La sobriété énergétique est l’un des trois piliers de la transition énergétique.
C’est l’association négaWatt, s’inspirant des travaux d’Amory Lovins, fondateur du Rocky Mountain Institute, qui propose le fameux tryptique ci-dessous.
Partant du principe que l’énergie la moins polluante est celle qu’on ne consomme/produit pas, négaWatt propose de repenser notre vision de l’énergie en s’appuyant sur une démarche en trois étapes.

Une définition de la sobriété énergétique est celle proposée dans le cadre des travaux du projet européen Energy Sufficiency porté par ECEEE (European Council for an Energy Efficient Economy) : 

« Les actions de sobriété énergétique sont des actions qui réduisent la demande en énergie, pour nous mener vers l'état de suffisance énergétique, tout en modifiant la quantité ou la qualité de services énergétiques demandés de manière durable et non en dessous des besoins fondamentaux des personnes. » 

Dans cette optique, la sobriété conduit à : 

  • Réduire la demande d’énergie 
  • Maintenir ou accroitre le niveau et la qualité de services  
  • Modifier les pratiques 

négaWatt distingue ainsi plusieurs leviers de sobriété : 

la sobriété structurelle, qui consiste à créer, dans l’organisation de l’espace ou de nos activités, les conditions d’une modération de notre consommation (par exemple l’aménagement du territoire en vue de réduire les distances à parcourir pour accéder au travail, aux commerces etc.) ; 

la sobriété dimensionnelle, qui concerne le bon dimensionnement des équipements par rapport à leurs conditions d’usage (par exemple l’utilisation de véhicules adaptés, en poids, volume et puissance, aux usages de déplacements de proximité et de déplacements inter-urbains) ; 

la sobriété d’usage, qui porte sur la bonne utilisation des équipements en vue d’en réduire la consommation (par exemple l’extinction des veilles, ou la limite de vitesse sur route, ou encore l’extension de la durée de vie des équipements) ; 

la sobriété conviviale ou coopérative, qui relève d’une logique de mutualisation des équipements et de leur utilisation (par exemple les formules d’autopartage, ou l’encouragement à la cohabitation dans les logements ou les espaces de travail). 

Avec le foisonnement des applications digitales, s’ajoute dorénavant la problématique de la sobriété numérique. La part du numérique dans les émissions de gaz à effet de serre a augmenté de moitié depuis 2013, passant de 2,5 % à 3,7 % du total des émissions mondiales. La consommation d’énergie du numérique est aujourd’hui en hausse de 9 % par an.
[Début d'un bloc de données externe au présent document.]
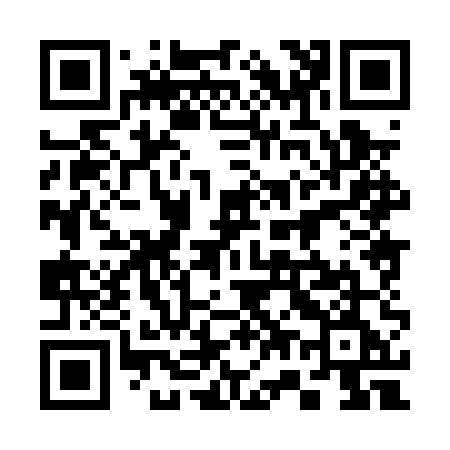 QR code for 3780UE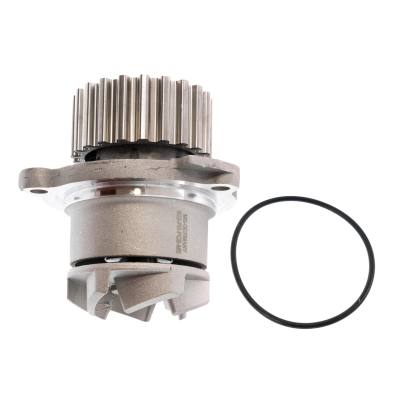 622-PR-PCS-MS - POMPA WODY 2108 PREMIUM "MS" + ORING 
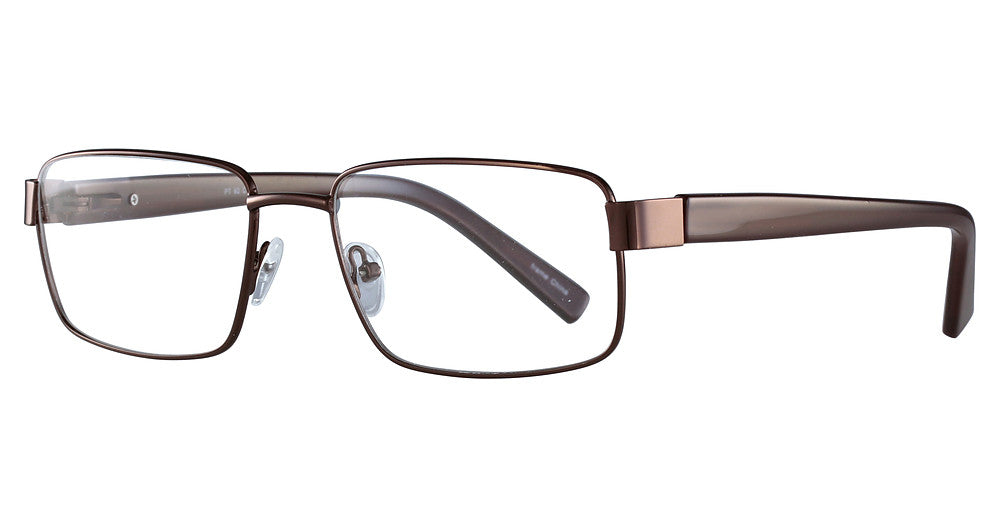 PEACHTREE PT92 Eyeglasses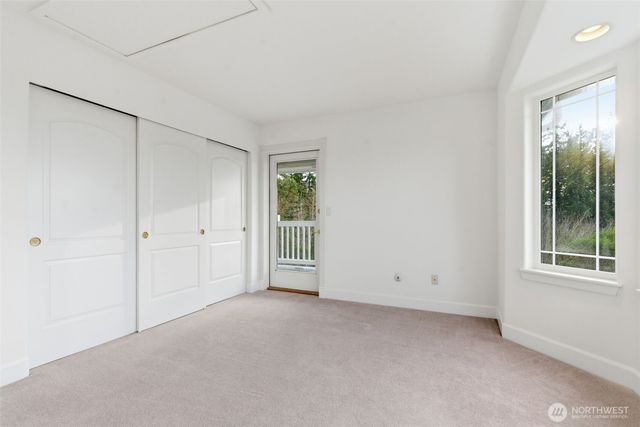 457 E Victor Road, Belfair, WA 98528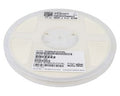 470 Ohm 1/8W 805 Resistor(Reel of 5000)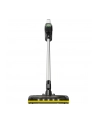 Odkurzacz KARCHER VC 6 Cordless ourFamily - 1198-6700 - nr 5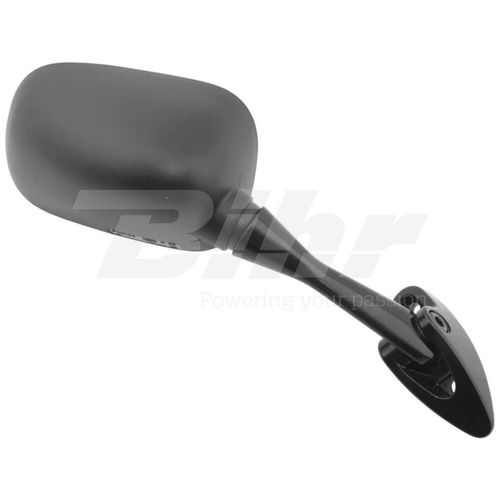 Rétroviseur Droit Honda Vfr 800 (00-01)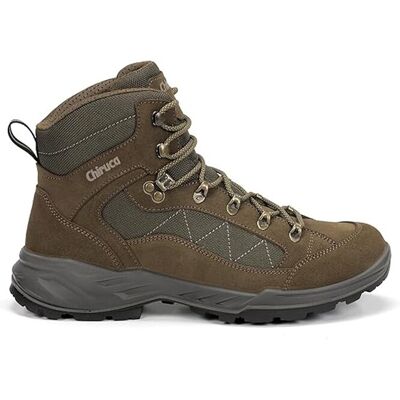 Botas Chiruca Sabueso - Botas Trekking Mujer MKP Botas Chiruca Sabueso - Botas Trekking Mujer MKP
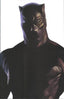 Avengers (2018) #37 Alex Ross Var Comics - Back Issues Marvel Comics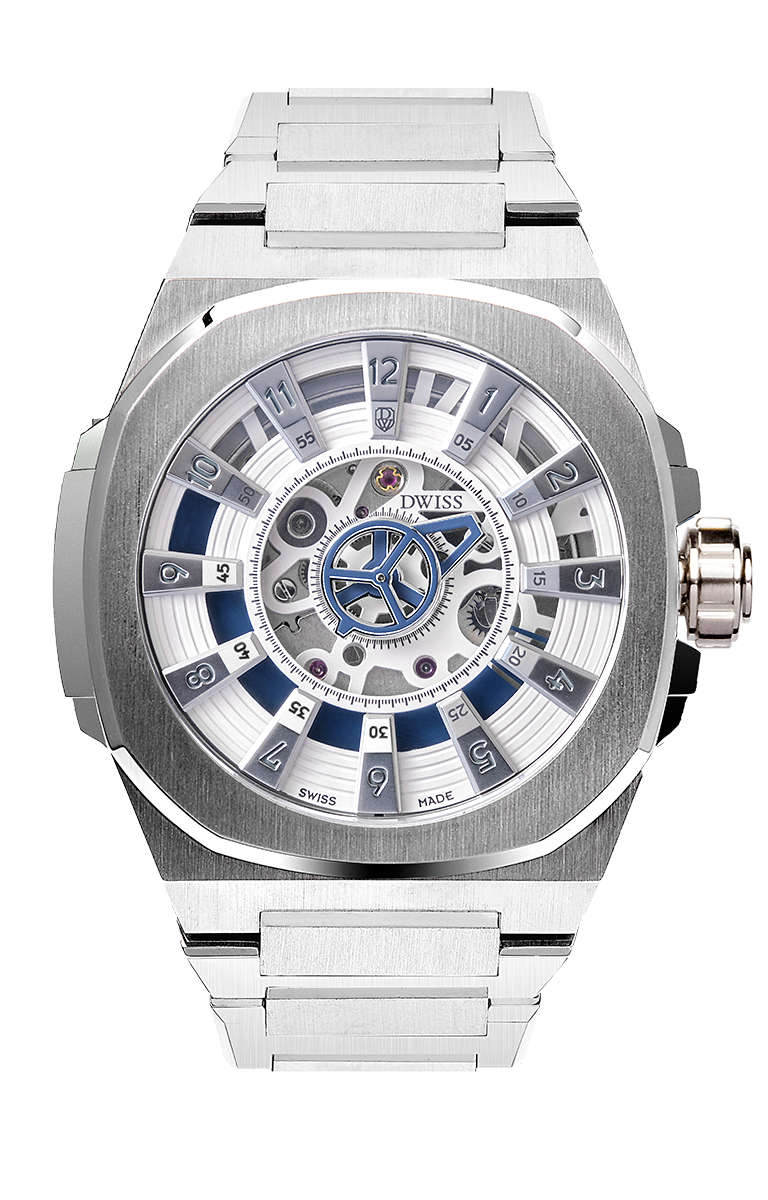 M3S-blue-bracelet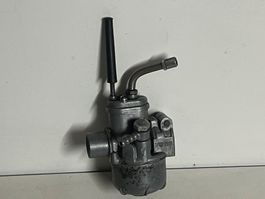 Puch Maxi X30 12mm Bing Vergaser original 1/12/297A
Il est possible de la ramener à 1,5 % par an en adoptant la « Sobriété numérique » comme principe d’action, selon le rapport « Pour une sobriété numérique » du think tank The Shift Project. 


«  La vraie demande est le service énergétique ».

Dès lors, il s’agit de mettre en œuvre des démarches de sobriété énergétique. Agir sur le comportement suppose d’identifier les besoins et désirs des usagers. En effet, la vraie demande est le service énergétique (Bernard Laponche). Les besoins de l’usager (ménage, entreprise, collectivité locale) ne sont pas directement des produits énergétiques mais des biens et des services indispensables au développement économique et social, au bien-être et à la qualité de vie. L’obtention de ces biens et services nécessite, pour être satisfaite une certaine consommation d’énergie. 

Comment modifier à service et à qualité égaux ces besoins ? 

Cela passe par plusieurs étapes, nécessitant une mobilisation continue : 

  • Favoriser la prise de conscience des individus sur leurs besoins de service énergétique ; 

  • Développer l’apprentissage de nouveaux modes de faire et d’usages par des actions de sensibilisation ou de formation ; 

  • Encourager cette sobriété par un environnement facilitant (des infrastructures, des équipements, des outils) afin de la rendre pérenne. 

Il ne faut pas oublier, cependant, que la démarche doit prendre en compte un ensemble de facteurs tels que la sociologie des individus, l’héritage culturel, la situation géographique, etc. 


C’est le passage de l’individuel au collectif qui peine à trouver ses outils.

La sobriété énergétique doit se développer tant au niveau individuel qu’au niveau collectif et c’est ce passage de l’individuel au collectif qui peine à trouver ses outils. Il suppose l’intervention publique mais pour les sociologues comme Marie-Christine Zélem ou Bruno Maresca, l'action publique n’est pas en mesure de transformer les modes de vie, car « le mode de vie résulte d'un système productif, voire productiviste. Changer le mode de vie ne résulte pas d'une transformation technologique. Par exemple, le développement numérique n'a pas changé les modes de vie. Il est même un facteur d'augmentation des consommations d'énergie. Alors qu'est-ce qui peut être changé ? Il faudrait libérer l'innovation sociale dans les territoires, se rapprocher des habitants, revenir à des dispositifs de proximité qui permettent de s'approprier la démarche, développer le coaching énergétique, et favoriser les initiatives de collectifs d'habitants désireux de rénover leurs îlots de quartier ».